What to work on: Copy the records below exactly, leaving out every picture.

Information:
◇ ◇ ◇ ◇ ◇

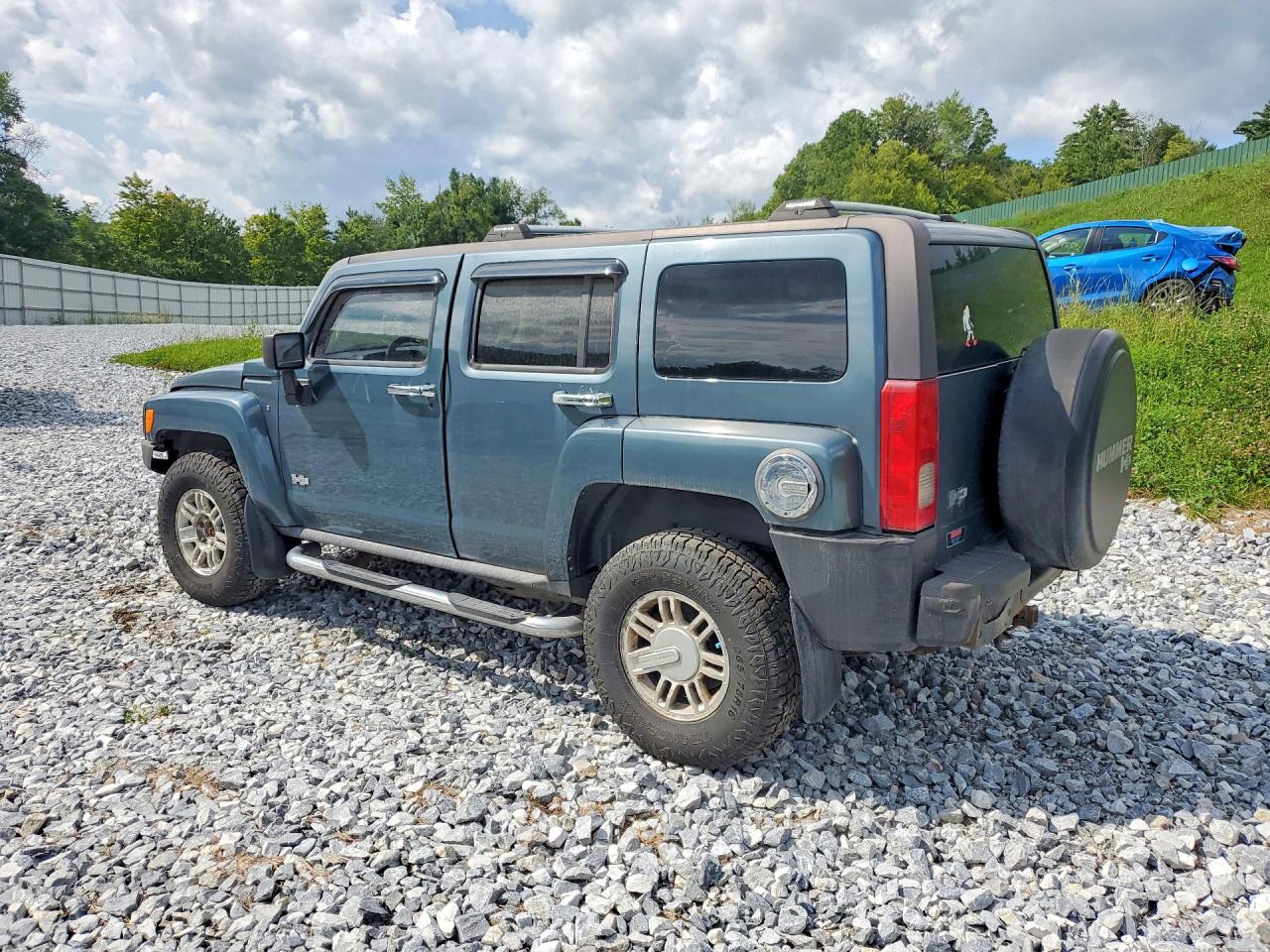 2007 Hummer H3 Blue vin: 5GTDN13E878177769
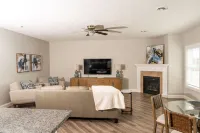 Sophisticated Golf Community Townhouse!–3442
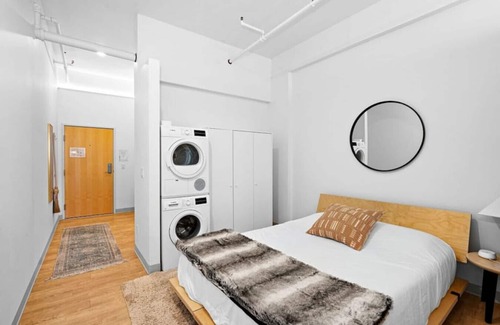 Duluth Apartment | Walkable Location, Coffee Shop Onsite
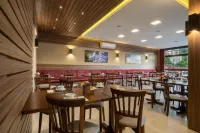 菲歐雷澤中央飯店 - 早餐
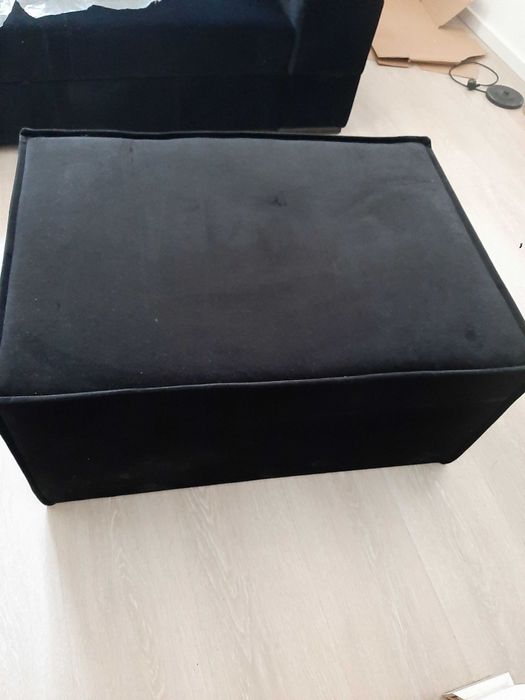 Nowa pufa do siedzenia czarna welurowa 64 x 94 cm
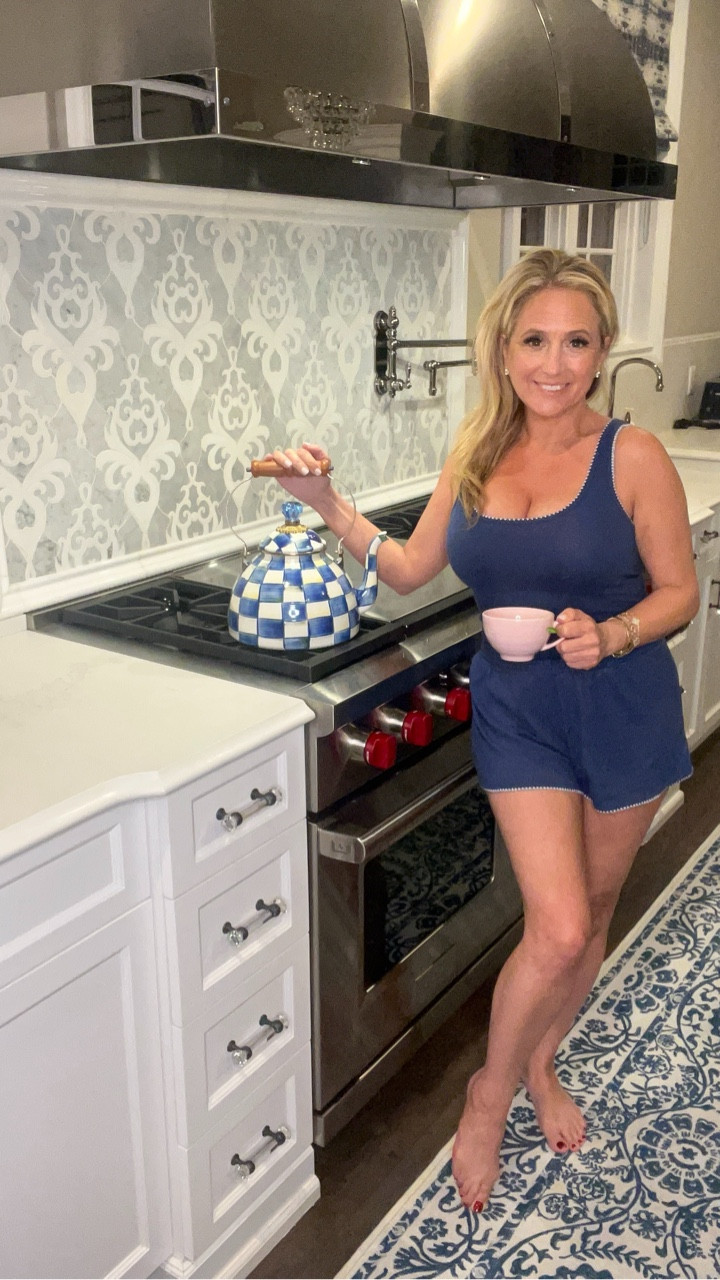 End the day with me and my favorite tea! 🫖

#LTKHome #LTKStyleTip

◇ ◇ ◇ ◇ ◇

Solved exercise:
 2007 Hummer H3 Blue vin: 5GTDN13E878177769
 Sophisticated Golf Community Townhouse!–3442
 Duluth Apartment | Walkable Location, Coffee Shop Onsite
 菲歐雷澤中央飯店 - 早餐
 Nowa pufa do siedzenia czarna welurowa 64 x 94 cm
 End the day with me and my favorite tea! 🫖

#LTKHome #LTKStyleTip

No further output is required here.